Problem requirements >>
Among the lines below, copy exactly those from the one with "MINI Cooper Countryman" through the one with "Referāts 'Krāsas', 4.", counting both ends.

*** Opening Records to process ***

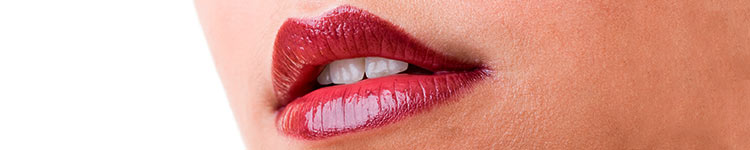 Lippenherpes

*** Closing Records to process ***
*** Opening Records to process ***

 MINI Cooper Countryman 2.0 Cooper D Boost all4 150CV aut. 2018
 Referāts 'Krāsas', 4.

*** Closing Records to process ***

Reply >>
 MINI Cooper Countryman 2.0 Cooper D Boost all4 150CV aut. 2018
 Referāts 'Krāsas', 4.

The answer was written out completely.